— INPUT RECORDS —
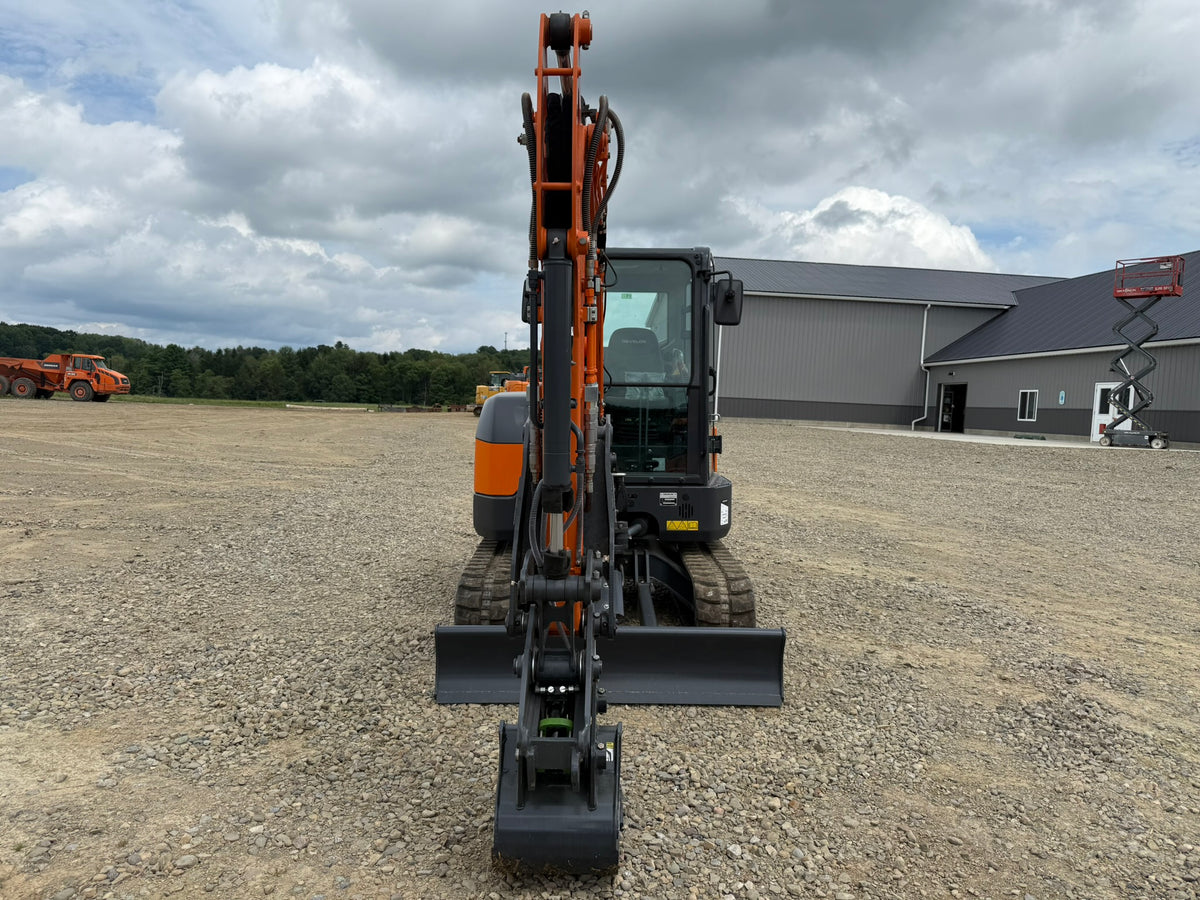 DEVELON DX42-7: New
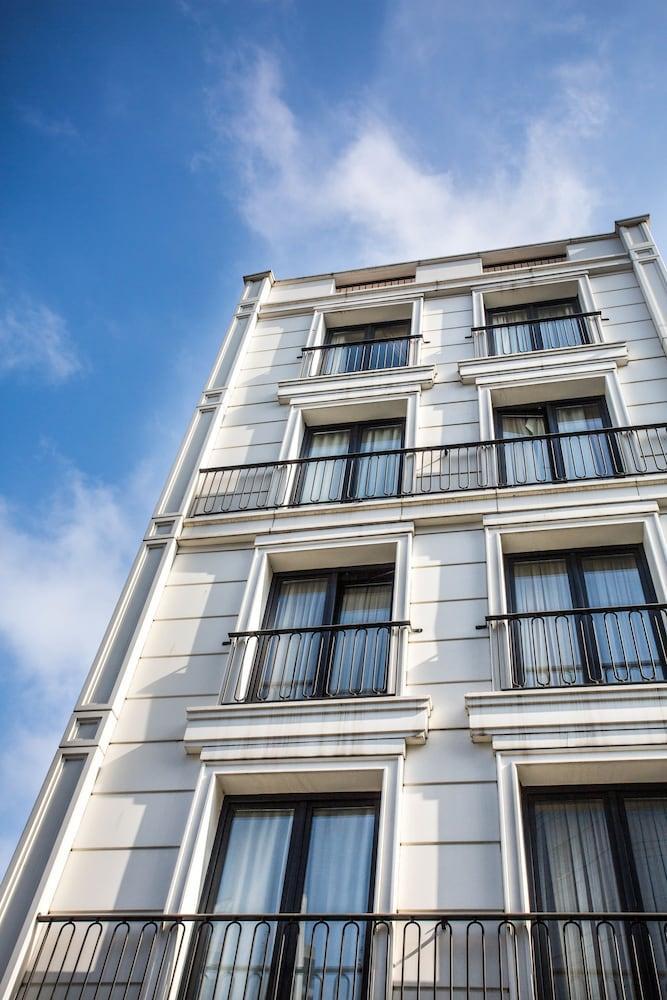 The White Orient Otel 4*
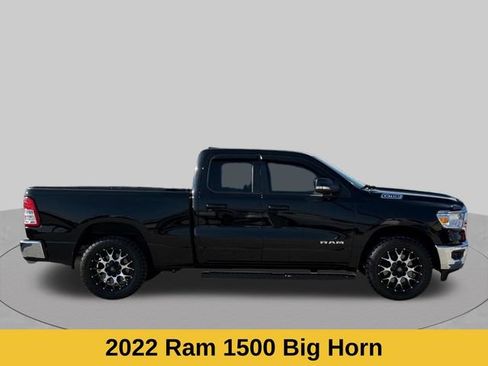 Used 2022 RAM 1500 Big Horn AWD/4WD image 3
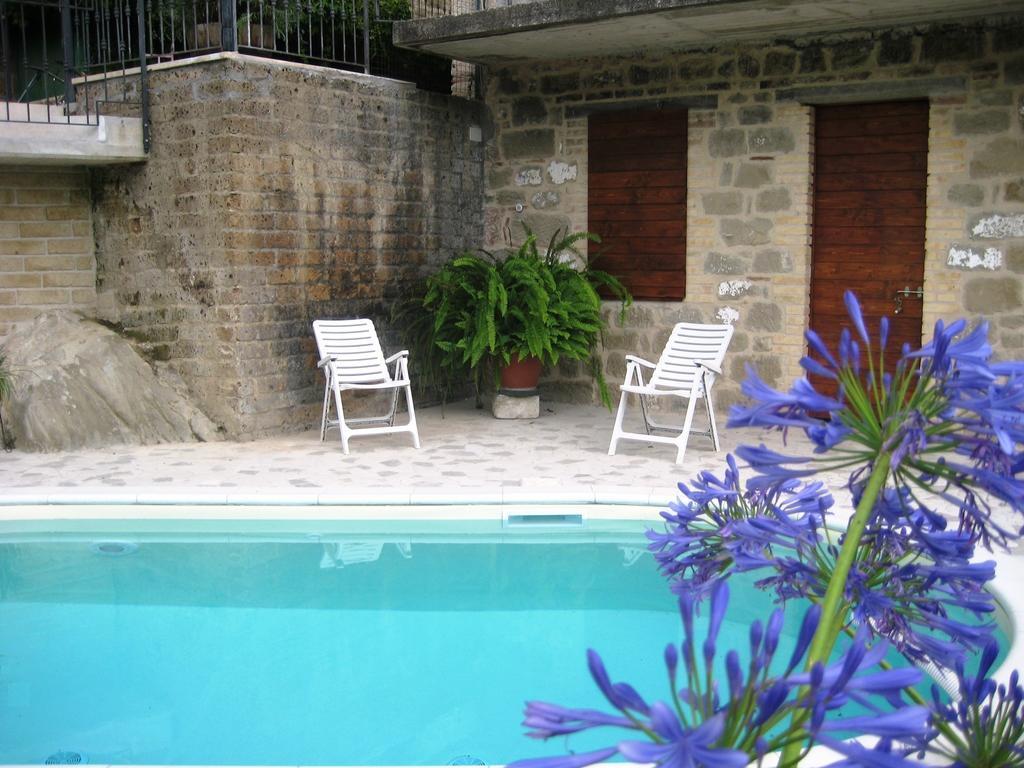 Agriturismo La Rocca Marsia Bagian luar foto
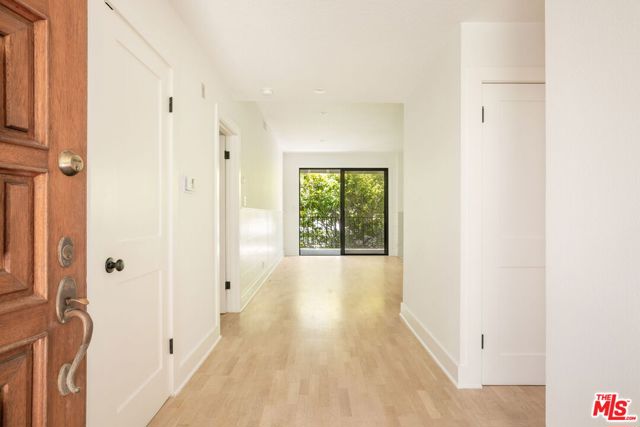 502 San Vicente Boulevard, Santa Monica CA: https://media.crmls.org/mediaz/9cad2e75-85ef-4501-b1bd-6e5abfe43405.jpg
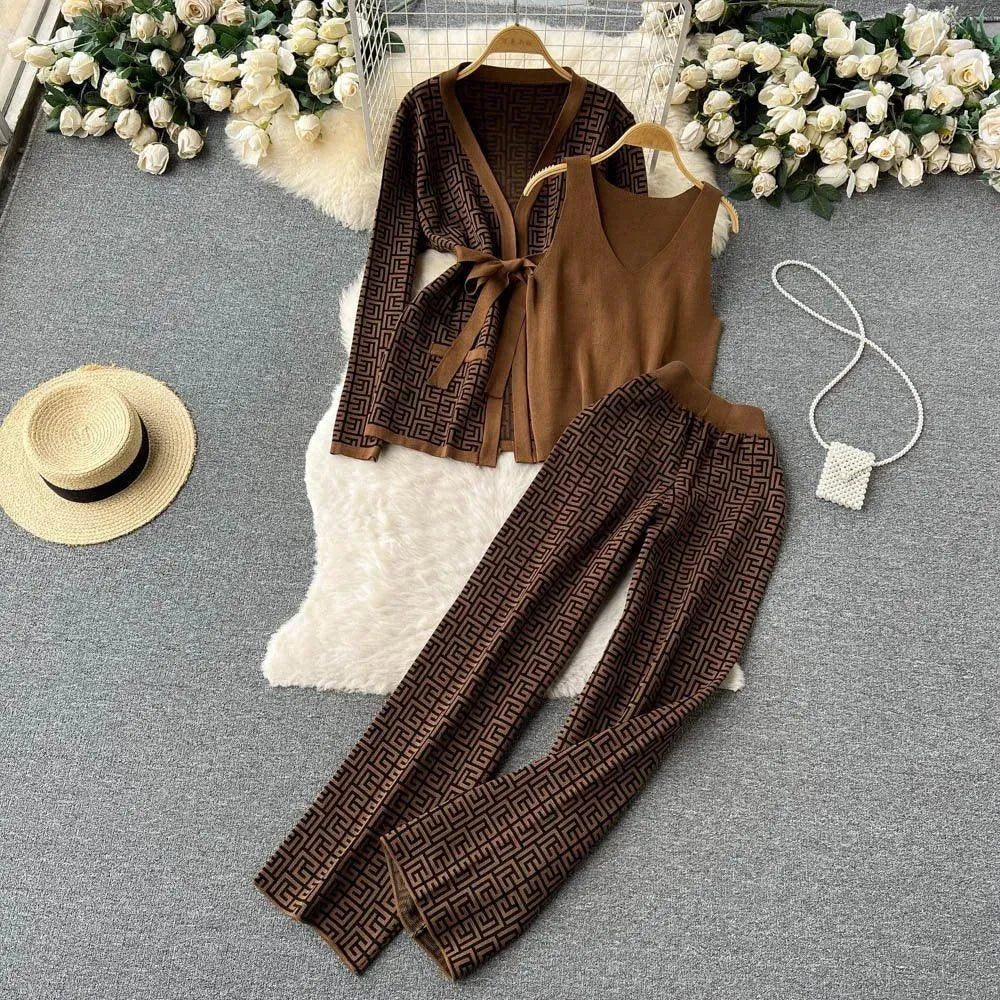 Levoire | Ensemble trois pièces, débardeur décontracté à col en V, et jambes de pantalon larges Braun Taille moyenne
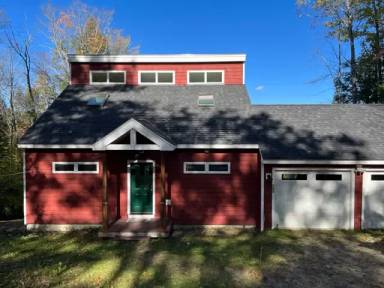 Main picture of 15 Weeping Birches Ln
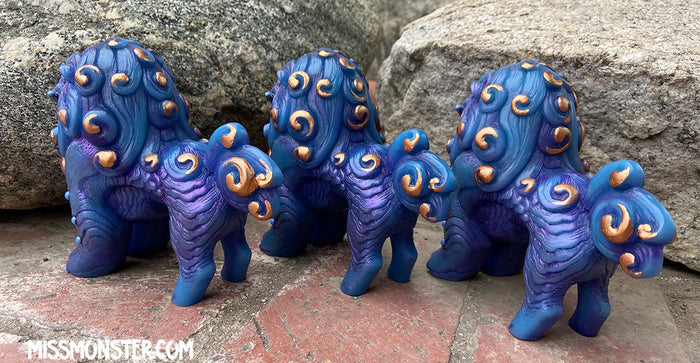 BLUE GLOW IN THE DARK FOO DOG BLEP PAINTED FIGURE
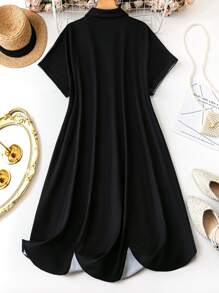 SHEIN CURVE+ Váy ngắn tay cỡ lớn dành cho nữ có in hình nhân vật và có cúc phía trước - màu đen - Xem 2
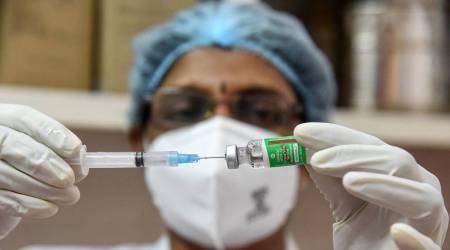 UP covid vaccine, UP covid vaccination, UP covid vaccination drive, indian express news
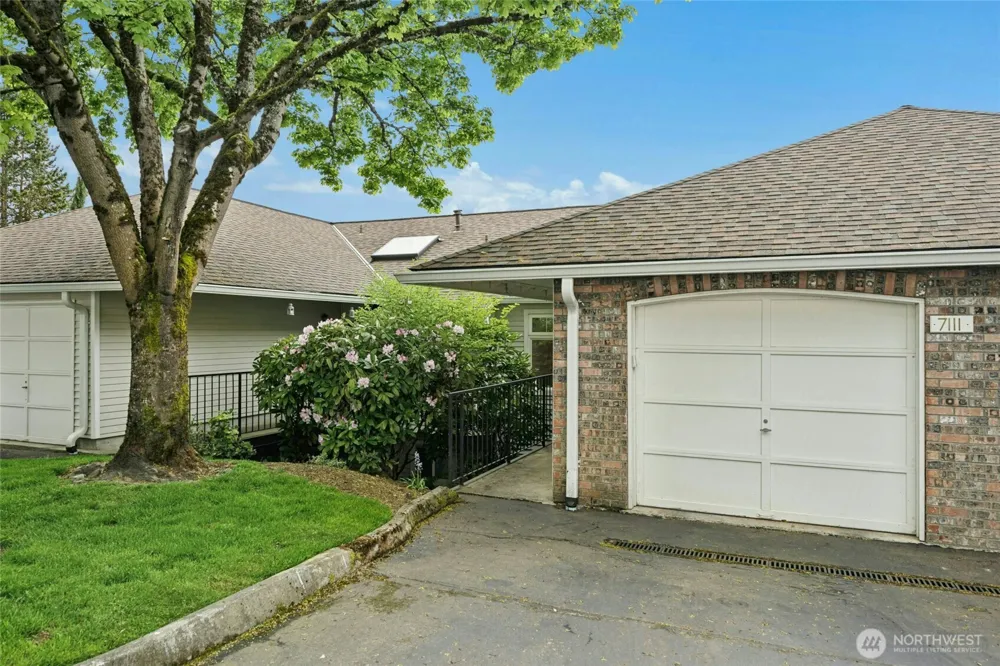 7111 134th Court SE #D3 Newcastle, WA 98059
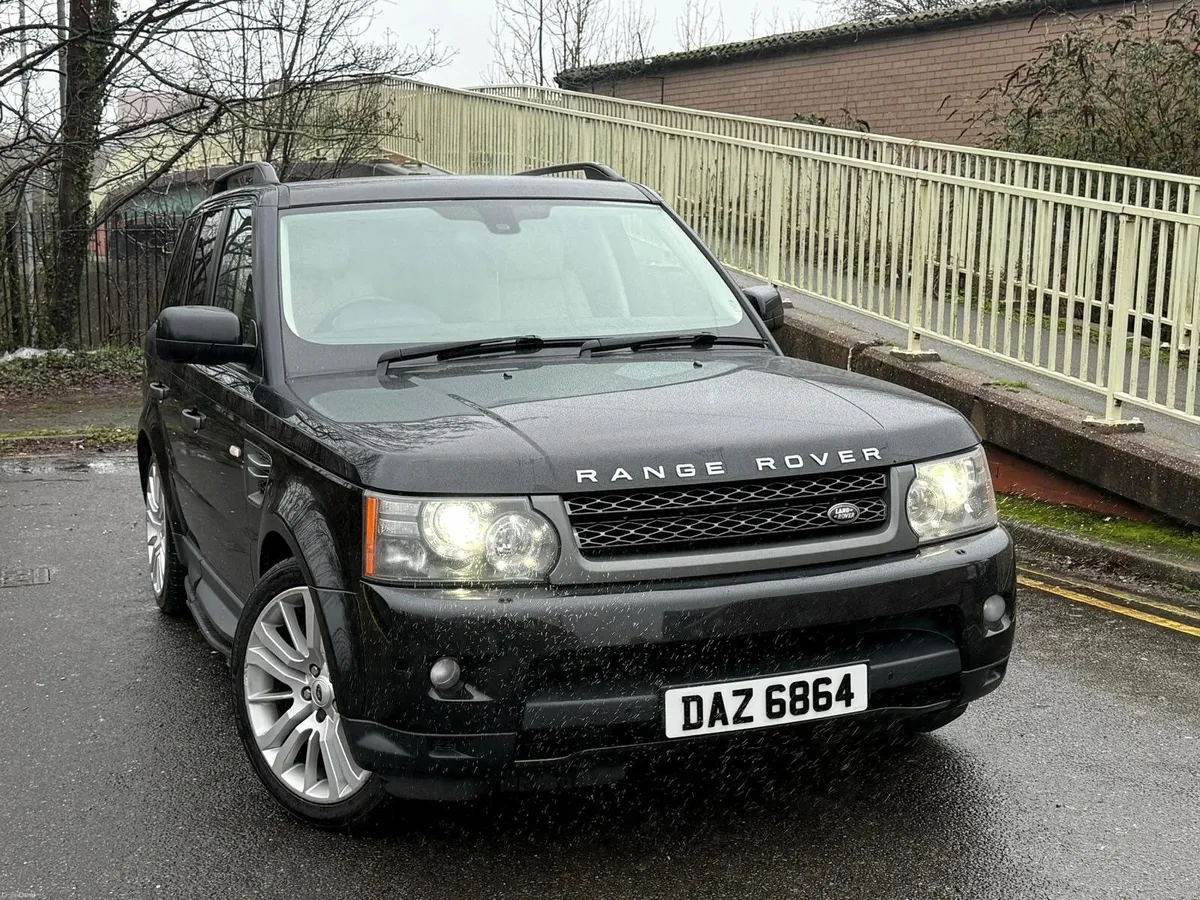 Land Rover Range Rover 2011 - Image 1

— WORK INSTRUCTION —
Word for word, retype the lines from the one that contains "Levoire | Ensemble" through the final line of the data, both ends included, excluding pictures.

— ANSWER SECTION —
 Levoire | Ensemble trois pièces, débardeur décontracté à col en V, et jambes de pantalon larges Braun Taille moyenne
 Main picture of 15 Weeping Birches Ln
 BLUE GLOW IN THE DARK FOO DOG BLEP PAINTED FIGURE
 SHEIN CURVE+ Váy ngắn tay cỡ lớn dành cho nữ có in hình nhân vật và có cúc phía trước - màu đen - Xem 2
 UP covid vaccine, UP covid vaccination, UP covid vaccination drive, indian express news
 7111 134th Court SE #D3 Newcastle, WA 98059
 Land Rover Range Rover 2011 - Image 1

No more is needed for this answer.